Uma ação civil pública movida contra o prefeito Lindberg Farias me chamou
especial atenção. Tratava-se de um pedido de remoção de uma comunidade às
margens da Antiga Estada Rio-São Paulo, no Km 32, próximo ao Viaduto dos
Cabritos e da Fábrica de bebidas da Ambev. O pedido dizia que em frente à
comunidade passava uma tubulação de gás e que isso seria potencialmente nocivo
aos moradores. O MP trazia com a petição um laudo com fotografias. Designei uma
inspeção pessoal e fui ao local, em meu carro. O MP não compareceu.
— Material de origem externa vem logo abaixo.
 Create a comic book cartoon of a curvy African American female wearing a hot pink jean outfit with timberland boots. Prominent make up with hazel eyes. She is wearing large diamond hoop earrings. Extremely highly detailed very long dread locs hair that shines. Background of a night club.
É verdade
que uma tubulação de gás fora colocada ao longo da rodovia, mas há décadas
loteamentos com moradias e comércio já estavam estabelecidos a sua margem.
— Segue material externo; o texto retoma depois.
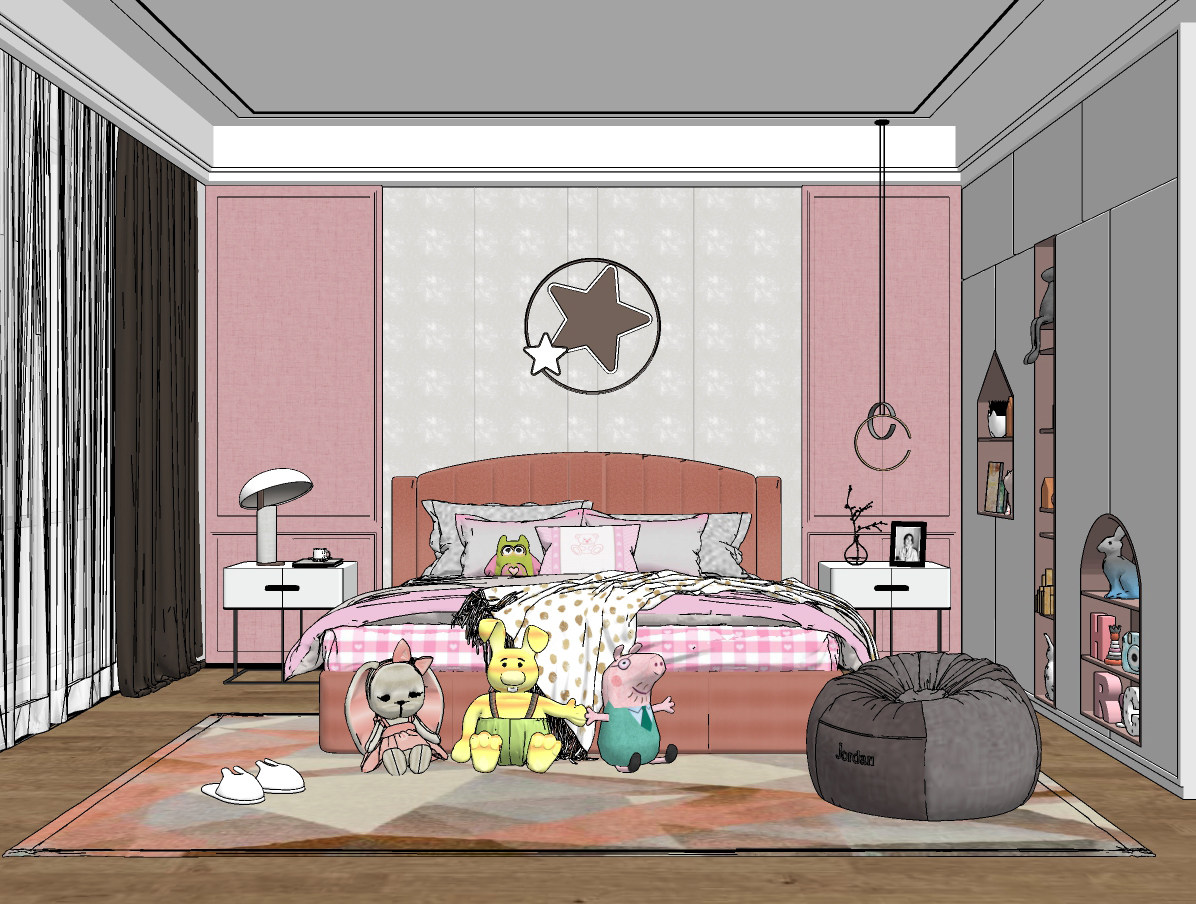 现代女儿房卧室,su草图模型下载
Além do mais, quase toda a cidade tem tubulação de gás.
Diligenciei
para saber quem fizera o laudo. Foram policiais militares lotados no Grupo de
Apoio aos Promotores (GAP), que sem razão explicável pretendia a remoção de
casas situadas além da divisa de Nova Iguaçu com o município do Rio de Janeiro,
qual seja o Rio Guandu Mirim. Mas o processo era movido contra o prefeito de
Nova Iguaçu. Não sei se algum membro do MP esteve no local alguma vez. Os PMs a
serviço do MP é que faziam o trabalho de campo e elaboravam laudos.
Enquanto
julguei improcedentes ações desse tipo, posso atestar que, em outras situações
que demandariam maior atuação institucional, estas não ocorreram. O MP é uma
das instituições que mais consome recursos públicos proporcionalmente ao número
de locais de atendimento ao público. É o dono da ação penal e tenta fazer isso
prevalecer, atualmente, no STF. Mas, precisa assumir suas responsabilidades
institucionais para evitar a difusão das milícias e novas ocorrências como a da
Muzema: devastação ambiental, construções irregulares e mortes por diversos
motivos, dentre os quais desabamentos.